For the two accountants in charge of guarding the exalted Oscars envelopes, the final minutes of the 89th Academy Awards were supposed to be the culmination of weeks of hard work - a triumphant moment to cap off yet another prominent success.
Instead, there was a historic, now-infamous error: The wrong envelope was handed to best picture presenters Faye Dunaway and Warren Beatty, and for nearly two excruciating minutes, La La Land was celebrated as the winner of cinema's most coveted prize - which rightfully belonged to Moonlight.
Now, in the aftermath of the spectacular Oscars debacle, all eyes have turned toward veteran Pricewaterhouse Coopers accountant Brian Cullinan, after the firm identified him as the man responsible for the mistake.
"PwC takes full responsibility for the series of mistakes and breaches of established protocols during last night's Oscars," Pricewaterhouse Coopers said in a statement to The Washington Post.
"PwC Partner Brian Cullinan mistakenly handed the back-up envelope for Actress in a Leading Role instead of the envelope for Best Picture to presenters Warren Beatty and Faye Dunaway."
It was a swift fall for Cullinan, who, just days ago, was immersed in the usual pre-Oscars routine: tallying ballots, cheerfully conducting interviews about his job as Oscar "ballot leader" and posing for photos - a smiling, charismatic fellow who, many have noted, bears something of a resemblance to actor Matt Damon.
This was Cullinan's fourth year overseeing the meticulous and highly secretive Oscar balloting process, along with fellow PwC accountant Martha Ruiz.
And he was proud of his glamorous gig, as he made clear in a recent interview (which has since been removed) with the academy's public relations team.
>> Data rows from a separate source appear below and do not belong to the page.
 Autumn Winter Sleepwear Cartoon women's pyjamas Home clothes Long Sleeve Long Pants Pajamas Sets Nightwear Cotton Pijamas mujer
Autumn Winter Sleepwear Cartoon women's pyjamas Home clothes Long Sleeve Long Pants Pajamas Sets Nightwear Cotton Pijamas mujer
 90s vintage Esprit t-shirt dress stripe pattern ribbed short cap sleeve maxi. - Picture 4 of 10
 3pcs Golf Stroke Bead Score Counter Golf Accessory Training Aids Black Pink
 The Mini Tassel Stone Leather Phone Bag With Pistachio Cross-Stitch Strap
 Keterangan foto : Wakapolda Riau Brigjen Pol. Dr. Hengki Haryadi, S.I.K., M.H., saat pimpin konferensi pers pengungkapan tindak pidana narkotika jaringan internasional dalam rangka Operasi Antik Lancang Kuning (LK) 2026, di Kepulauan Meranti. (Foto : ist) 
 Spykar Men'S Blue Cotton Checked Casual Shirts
He talked about the extra measures involved in checking and re-checking the votes for every award category, and how he and Ruiz are charged with memorising every single winner before the envelopes - two duplicate sets, one for each partner stationed on either side of the stage - are sealed.
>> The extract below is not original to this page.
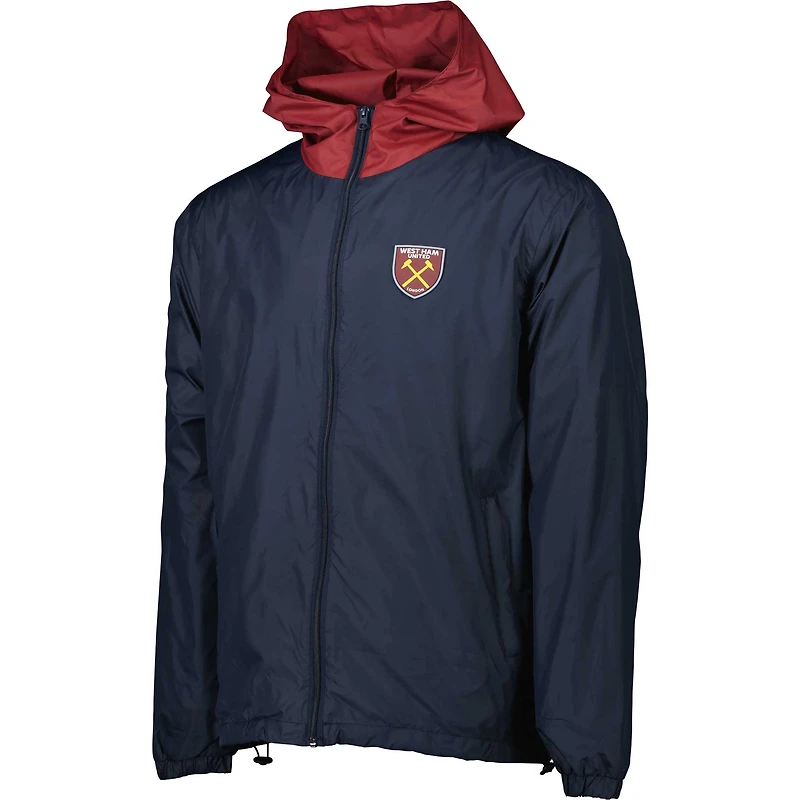Veste Coupe-Vent À Capuche Zippée West Ham United Bleu Marine Pour Homme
He acknowledged both the simplicity and paramount importance of his role during the show itself: "It doesn't sound very complicated," Cullinan said, "but you have to make sure you're giving the presenter the right envelope."
But that obviously didn't happen, and some swiftly suggested that Cullinan's attention wasn't solely focused on the task at hand: Just moments before he handed the wrong envelope to Beatty, Cullinan tweeted a photo of best actress winner Emma Stone clutching her statuette backstage.
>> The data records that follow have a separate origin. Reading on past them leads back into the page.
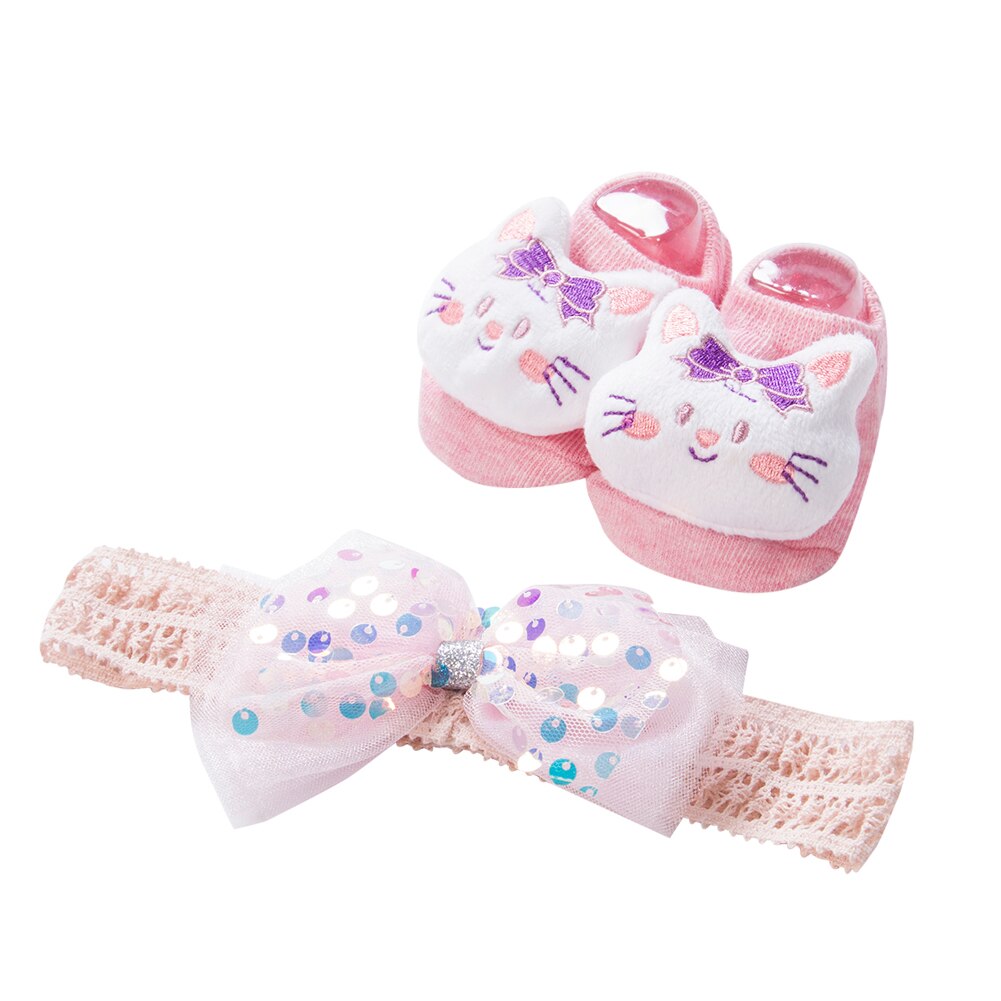 Newborn Baby Girl Lovely Socks Headband Set Flower Bowknot Crown Lace Headwrap + Booties Lace Cute Animal Decor Socks 2Pcs Set: A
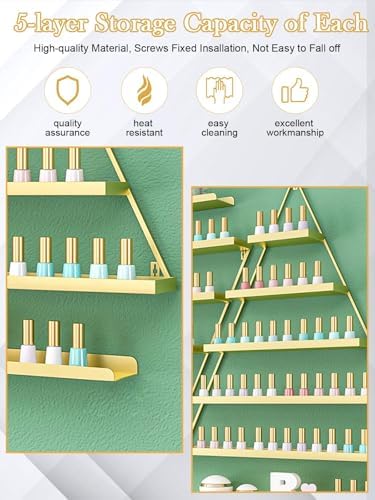 EBANKU 6PCS Nail Polish Racks 5 Tiers Nail Polish Shelf for Wall Triangular Display Rack Cosmetic Display Cases Lipstick Perfume Wall Shelf Essential Oil Organizers for Home Spa Nail Salon Shop(Gold) - Image 5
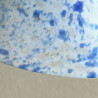 Daum Nancy Table Lamp, Brass Base with Blue and White Mottled Glass Shade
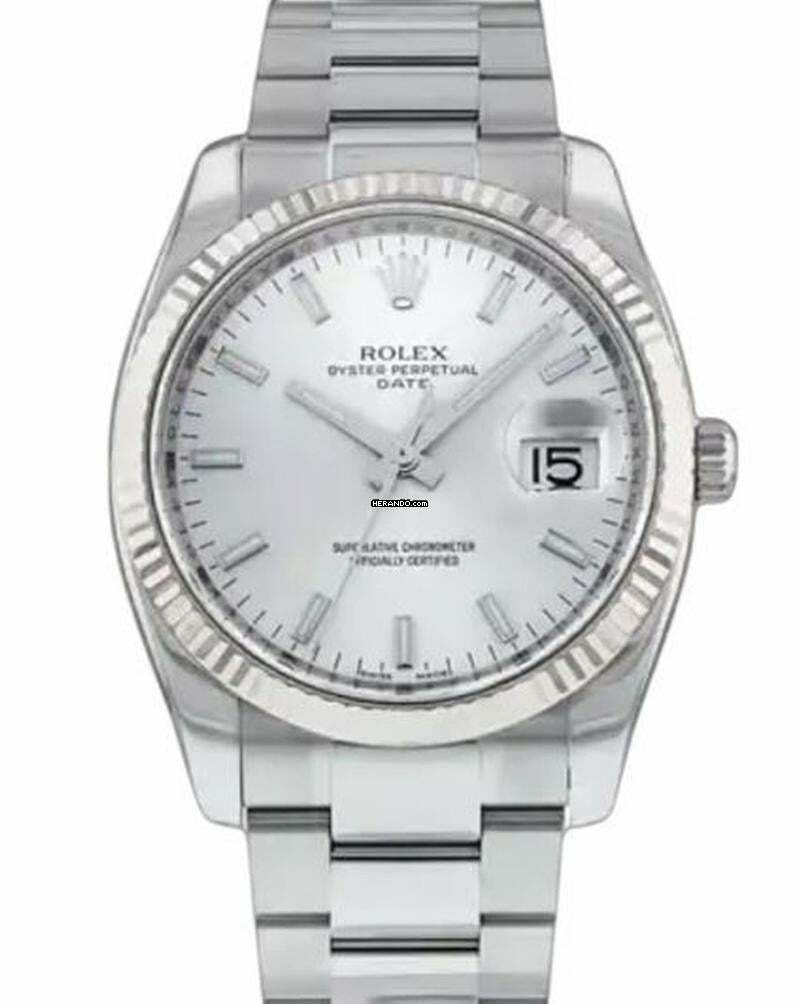 Rolex Oyster Perpetual Date 34MM - Silver Dial - Fluted Bezel 115234 2006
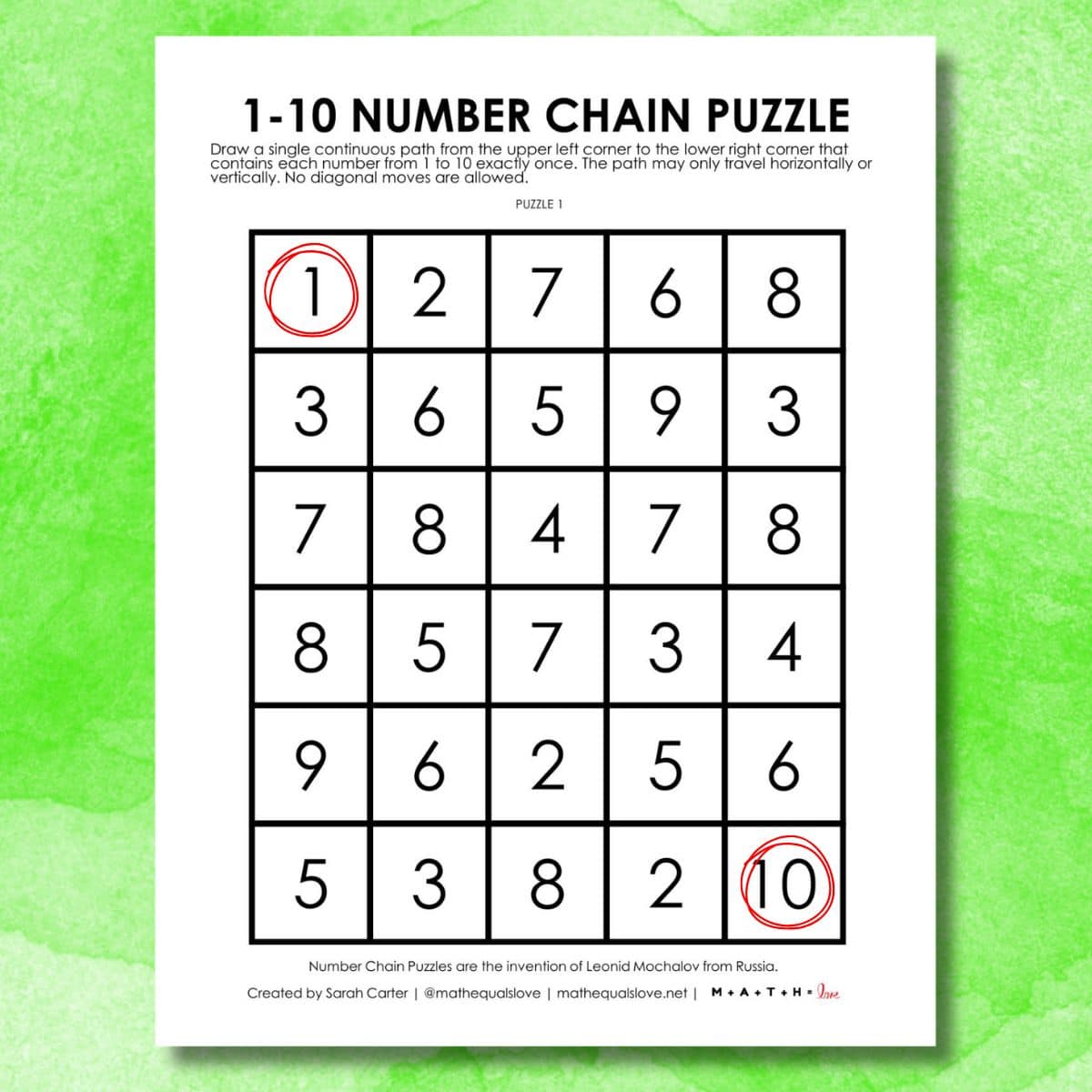 1-10 number chain puzzles.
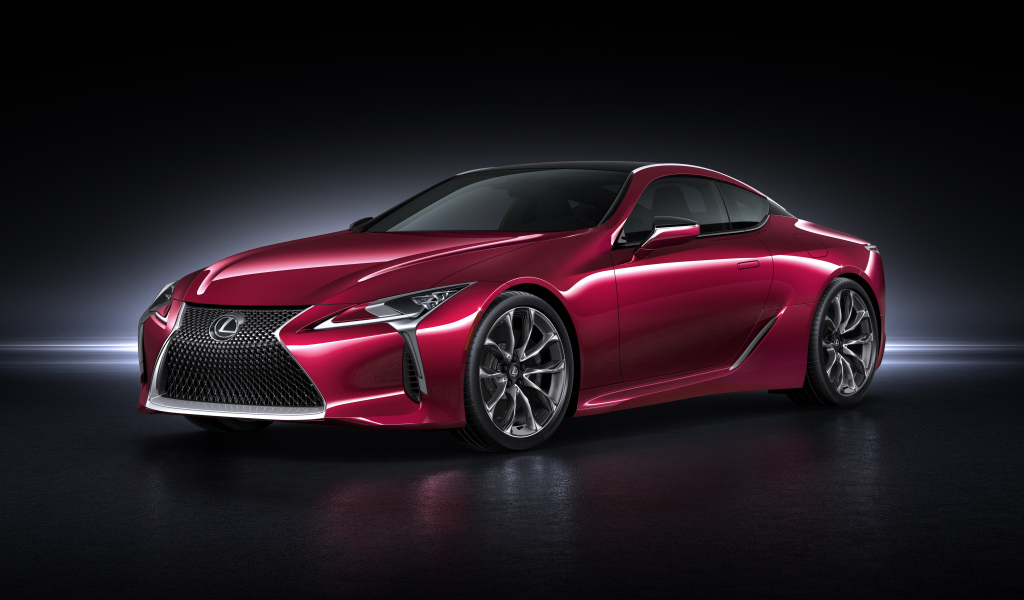 Автомобиль  Lexus LC500 Coupe, 2017 вишневого цвета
The tweet has since been deleted, and Pricewaterhouse Coopers has not commented on Cullinan's social media use. (In a report Tuesday, People magazine quoted an anonymous source who said Cullinan had been specifically instructed not to tweet during the show.)
And the breakdown continued even after Dunaway announced the wrong film. Even though Cullinan and Ruiz should have known instantly that a grievous error had occurred, no one else in the Dolby Theatre was aware of the mishap for nearly two full minutes - long enough for the cast and crew of La La Land to embrace, take the stage, and deliver several acceptance speeches for a prize they didn't actually win.
"Once the error occurred, protocols for correcting it were not followed through quickly enough by Mr. Cullinan or his partner," PwC acknowledged in its statement. The firm added: "For the past 83 years, the Academy has entrusted PwC with the integrity of the awards process during the ceremony, and last night we failed the Academy."
Tim Ryan, PwC's U.S. chairman and senior partner, told
that he had personally spoken to Cullinan, who was understandably distraught by the high-profile blunder.
"He feels very, very terrible and horrible," Ryan said. "He is very upset about this mistake. And it is also my mistake, our mistake, and we all feel very bad."
On Tuesday, the future of the 83-year relationship between Pricewaterhouse Coopers and the academy remained uncertain.
"For the last 83 years, the Academy has entrusted PwC to handle the critical tabulation process, including the accurate delivery of results. PwC has taken full responsibility for the breaches of established protocols that took place during the ceremony," the academy said in a statement released late Monday.
"We have spent last night and today investigating the circumstances, and will determine what actions are appropriate going forward. We are unwaveringly committed to upholding the integrity of the Oscars and the Academy of Motion Picture Arts and Sciences."